- Country: Eswatini
- Broadcast area: Eswatini
- Headquarters: Mbabane, Eswatini

Programming
- Languages: English and Swazi
- Picture format: 1080i HDTV

Ownership
- Owner: Ultipro

History
- Launched: March 2001
- Former names: Channel S (2001–2018)

= Channel Yemaswati =

Swati television channel

Channel Yemaswati (formerly known as Channel S or Channel Swazi) is Eswatini's only commercial television channel. The channel adopted its current name upon the rename from Swaziland to Eswatini in 2018.

==History==
It was launched in March 2001 by Ultimate Television Productions (Ultipro) using a Ku-band satellite from PanAmSat used by both DStv and Sentech's Vivid, reaching an audience across the SADC region. Although it was set up as a private station, it is owned "on behalf of His Majesty" and was historically known for its limited coverage, compared to Swazi TV, where its signal didn't reach even some large towns.

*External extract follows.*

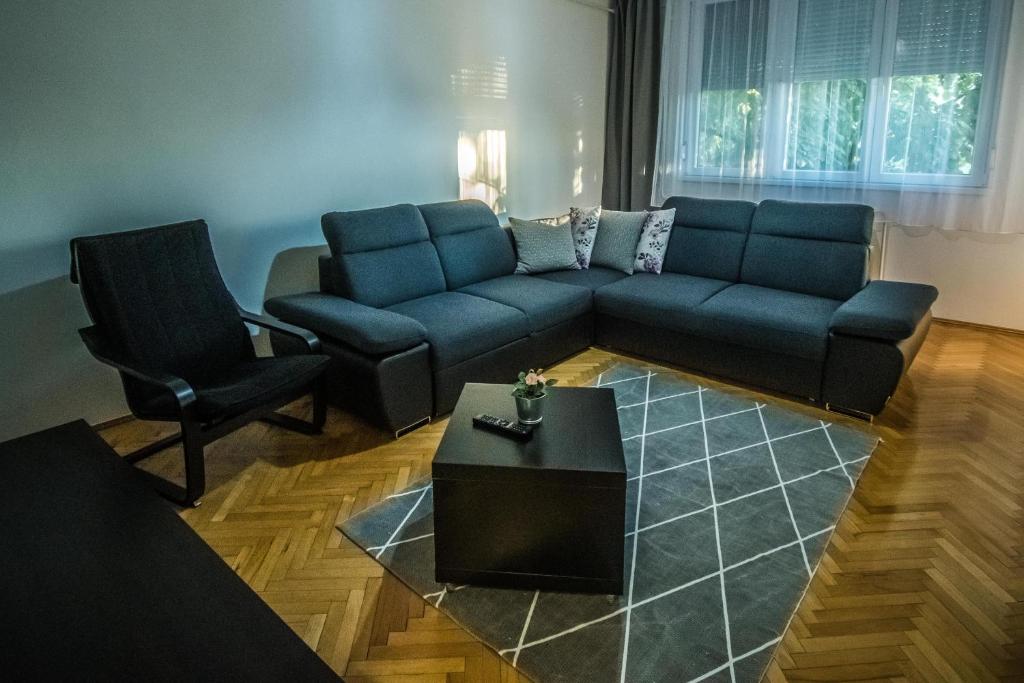 索尔沃什Főtér Apartman的客厅配有蓝色的沙发和椅子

In 2008, the channel was involved in a financial scandal, as Qhawe Mamba, the channel's owner, did not receive the earnings from Channel S Club members, being transferred to Ultipro in the process.

Channel S was reported to operated without a license in November 2009. In late October 2010, the channel moved to "half-empty" premises at an office in the Manzini Mall. The station lacked transmitters of its own and was broadcasting on rented South African transmitters and facilities. Contents were saved on a flash drive and sent to Nkoyoyo, where it was uploaded to a server. From then, the server delivered its information to the Johannesburg satellite facilities before beaming back to Swaziland.

In 2021, Qhawe Mamba announced that he would change the channel's news operation to focus more on stories that impact people. Such stories, according to Mamba, bring in high viewing figures.